Only the lines below from the one that contains "Amelanchier canadensis image" through the one that contains "Dianthus plumarius 'Angel of Hope'" should appear in your answer, exact and without pictures.

▶ RECORDS FOR THIS EXERCISE:

════════════════

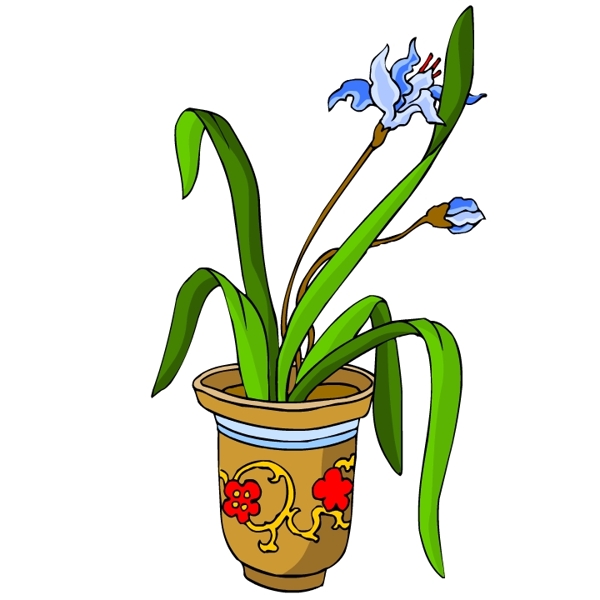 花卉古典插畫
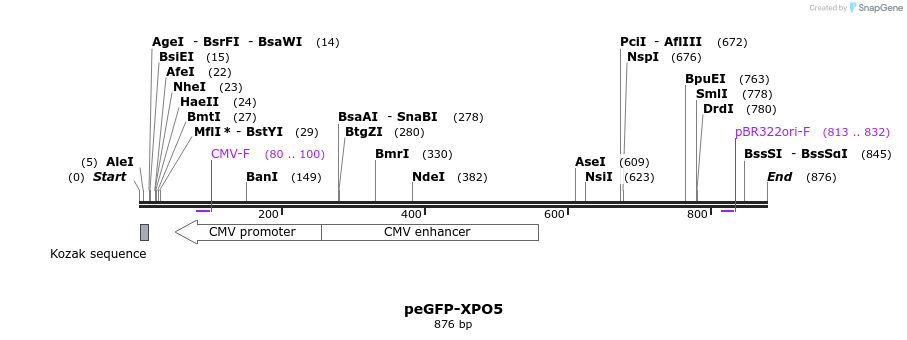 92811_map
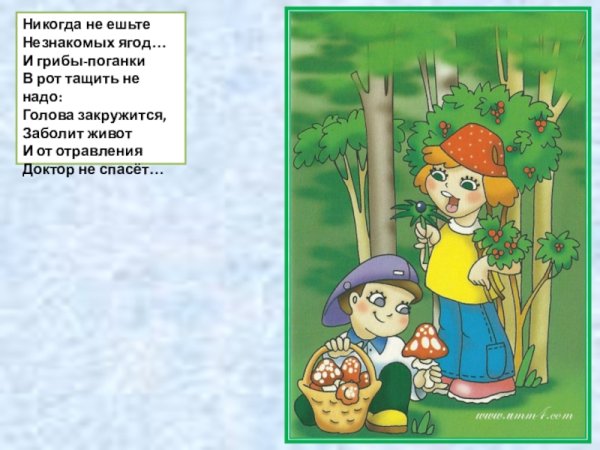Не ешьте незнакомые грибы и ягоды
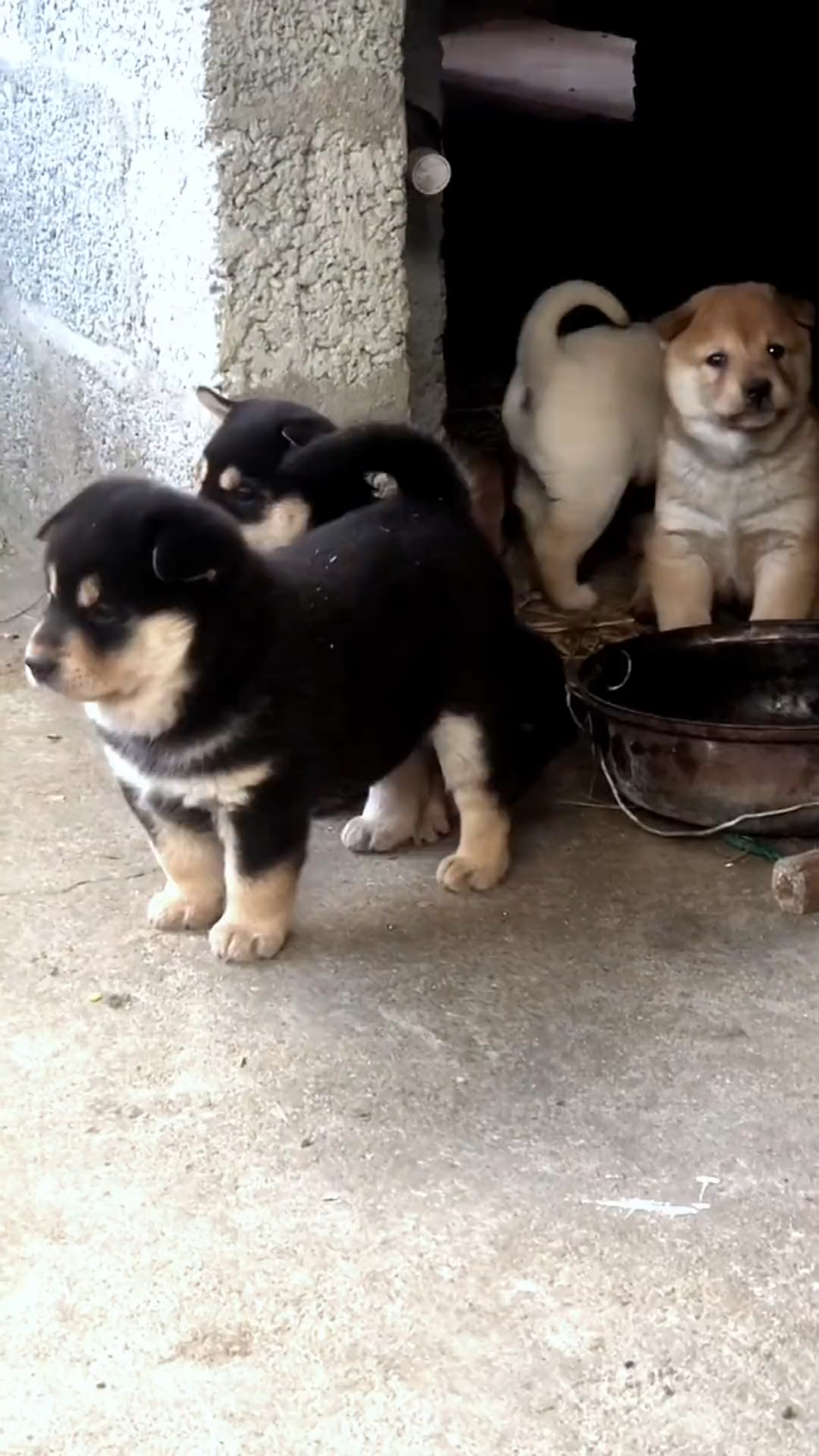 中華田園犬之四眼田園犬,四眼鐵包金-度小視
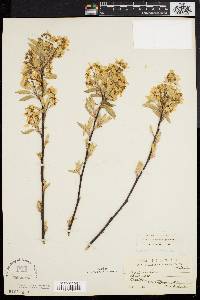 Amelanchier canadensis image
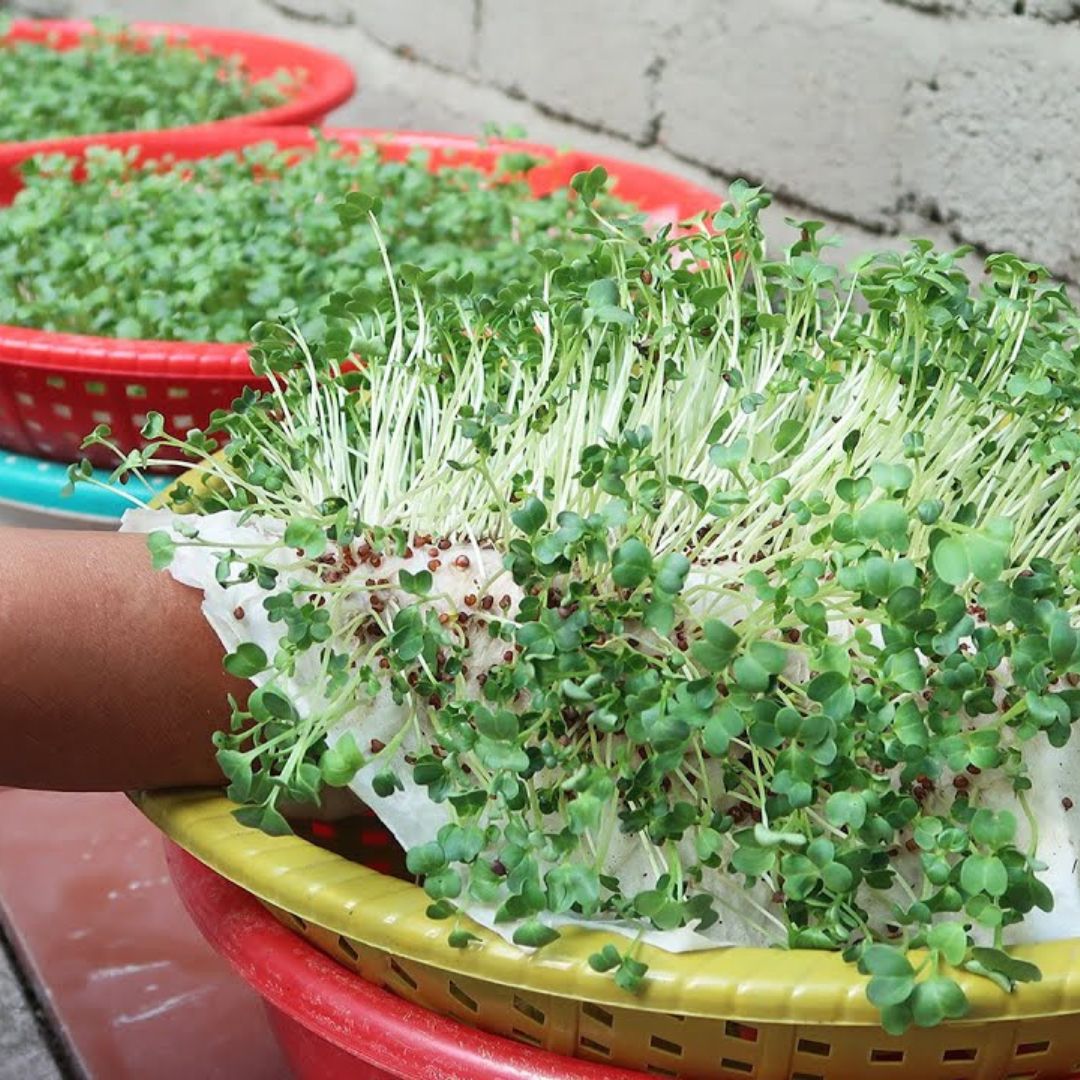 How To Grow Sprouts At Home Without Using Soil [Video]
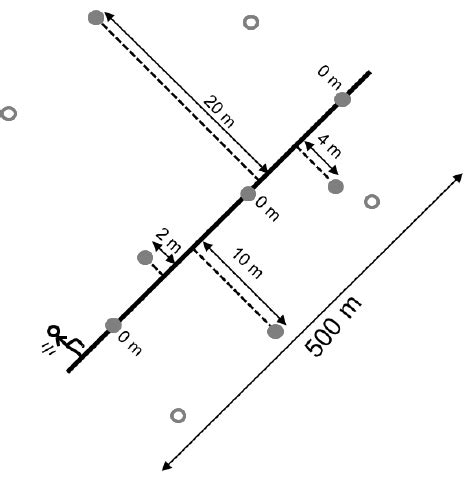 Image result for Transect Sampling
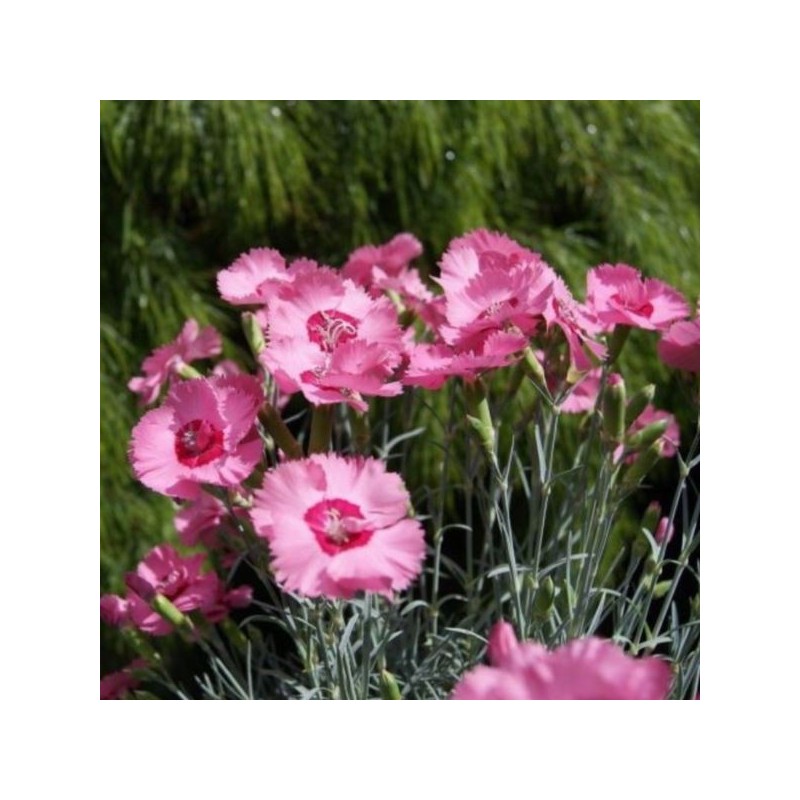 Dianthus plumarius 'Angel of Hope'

════════════════

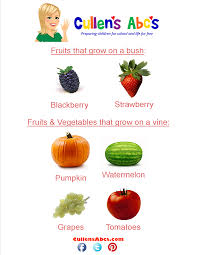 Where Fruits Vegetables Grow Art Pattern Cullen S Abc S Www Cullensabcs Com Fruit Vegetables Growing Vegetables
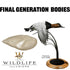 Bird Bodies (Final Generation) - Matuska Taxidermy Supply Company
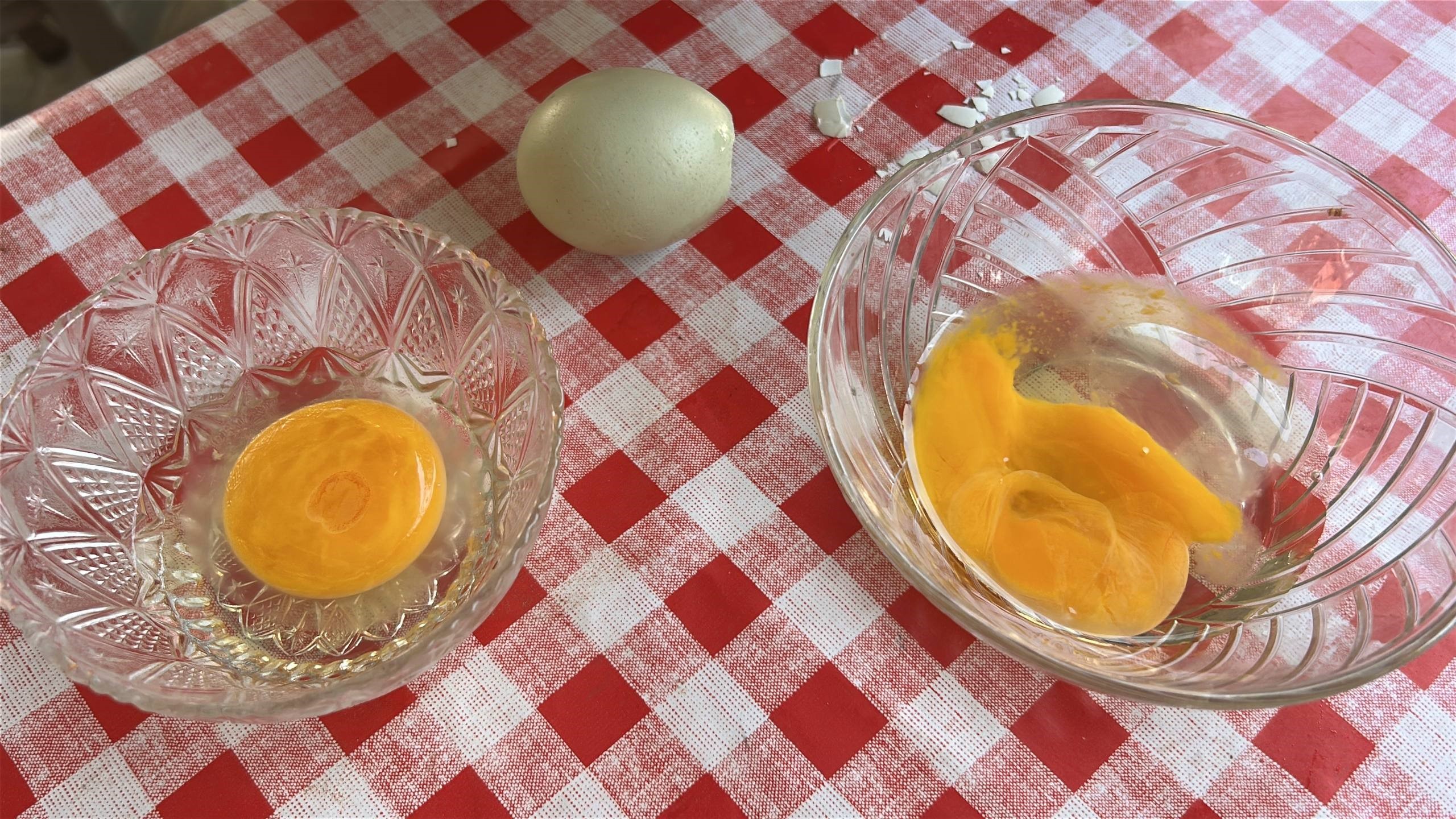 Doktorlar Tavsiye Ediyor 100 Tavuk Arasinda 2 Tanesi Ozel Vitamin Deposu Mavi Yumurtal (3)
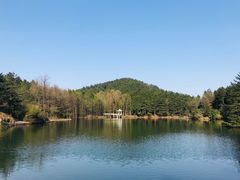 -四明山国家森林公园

════════════════

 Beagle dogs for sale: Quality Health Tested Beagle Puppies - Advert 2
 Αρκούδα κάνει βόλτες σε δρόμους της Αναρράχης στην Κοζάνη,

════════════════

▶ EXPECTED ANSWER:
 Amelanchier canadensis image
 How To Grow Sprouts At Home Without Using Soil [Video]
 Image result for Transect Sampling
 Dianthus plumarius 'Angel of Hope'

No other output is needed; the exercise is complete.